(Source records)

------------------------------------------------

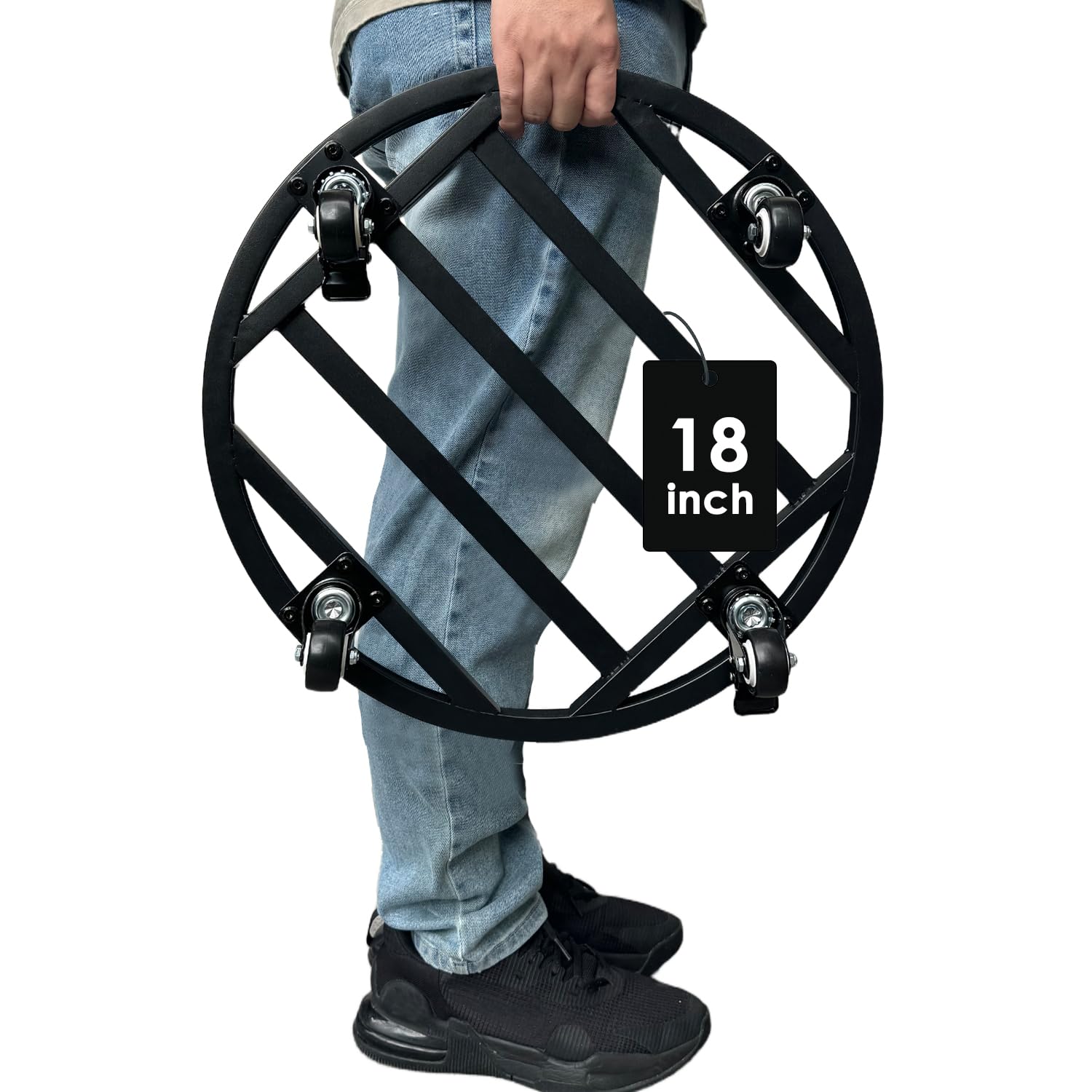 Hongsane front view of 18 inch plant caddy showing sturdy platform and wheels benefit easy moving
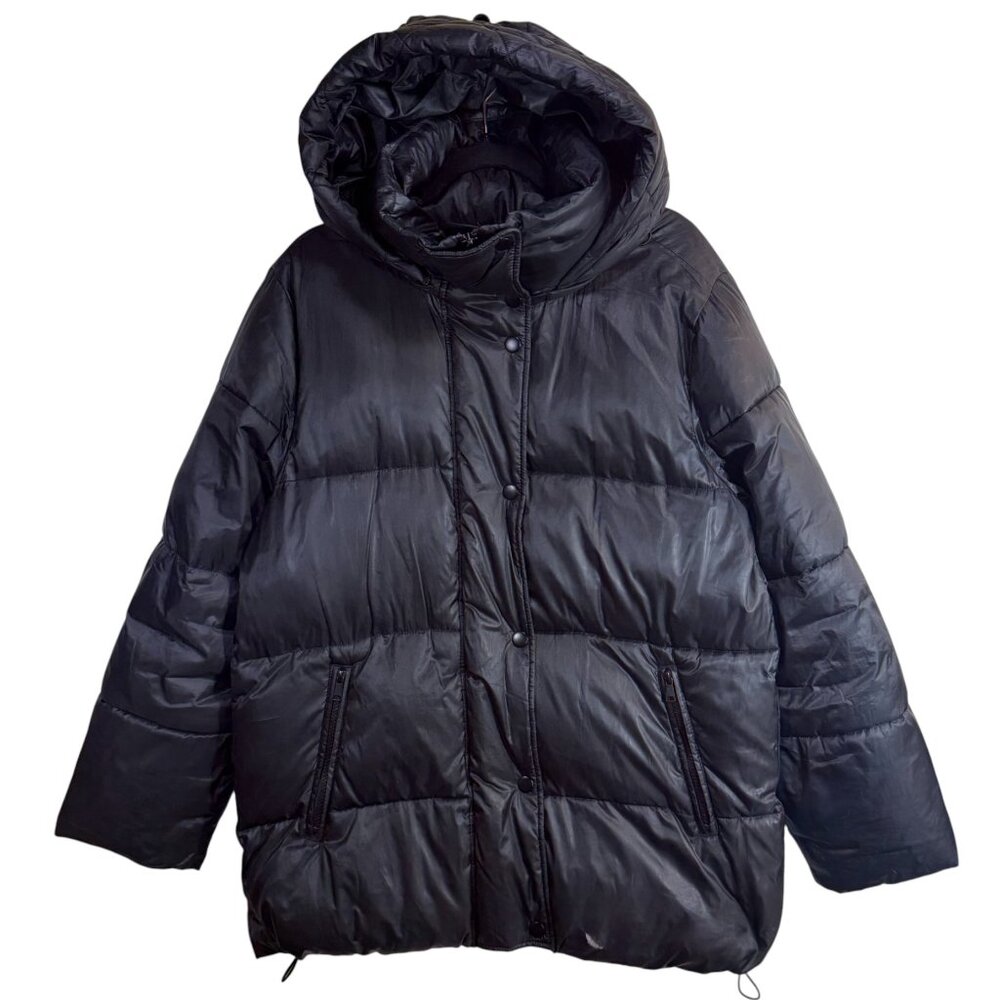 GAP‎ S Tall Recycled Puffer Jacket Black Detachable Hood Water Resistant Winter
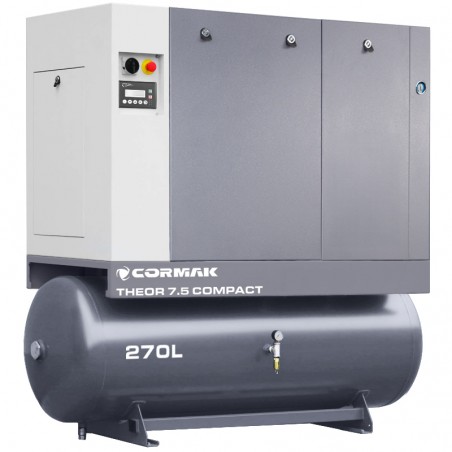 Compressor de parafuso com secador THEOR 7,5 COMPACT - 5,5 kW - 650 l/min. reservatório de 270 l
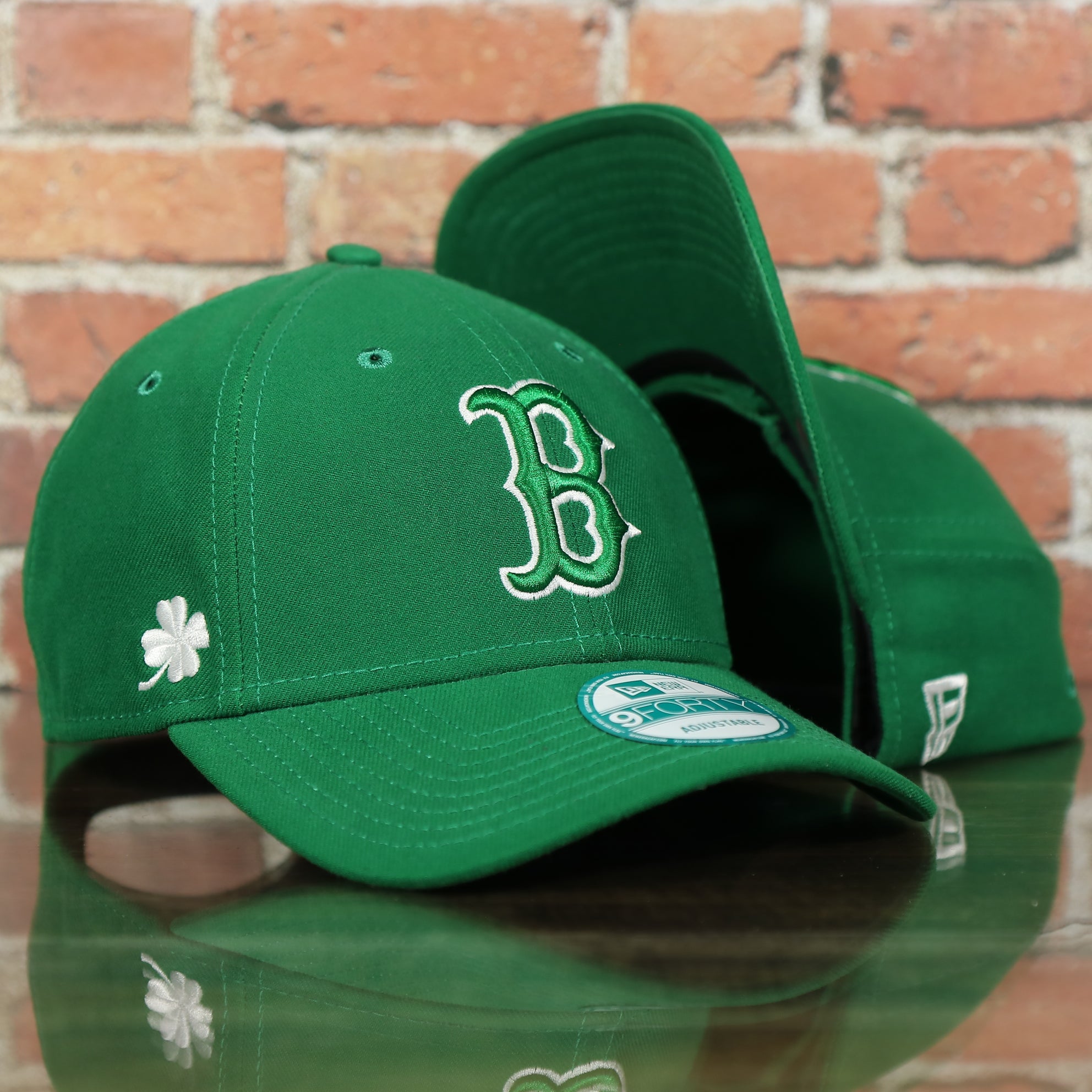 Boston Red Sox ST. Patrick's Dad  Logo Green Bottom Dad Hat | Green Dad Hat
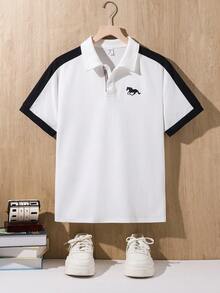 SHEIN 兒童青少年男孩休閒對比色拼接羅紋領短袖 Polo T恤，基礎上衣，白色 Polo，Y2K 風格上衣，適合春/夏，外出、情人節、約會、旅行、度假、家庭聚會、返校、婚禮、正式場合、運動、派對 - 黑與白 - 查看 3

------------------------------------------------

> **About this exercise**: Excluding the pictures, transcribe all of the entries exactly.

> **Solution for this problem**:
 Hongsane front view of 18 inch plant caddy showing sturdy platform and wheels benefit easy moving
 GAP‎ S Tall Recycled Puffer Jacket Black Detachable Hood Water Resistant Winter
 Compressor de parafuso com secador THEOR 7,5 COMPACT - 5,5 kW - 650 l/min. reservatório de 270 l
 Boston Red Sox ST. Patrick's Dad  Logo Green Bottom Dad Hat | Green Dad Hat
 SHEIN 兒童青少年男孩休閒對比色拼接羅紋領短袖 Polo T恤，基礎上衣，白色 Polo，Y2K 風格上衣，適合春/夏，外出、情人節、約會、旅行、度假、家庭聚會、返校、婚禮、正式場合、運動、派對 - 黑與白 - 查看 3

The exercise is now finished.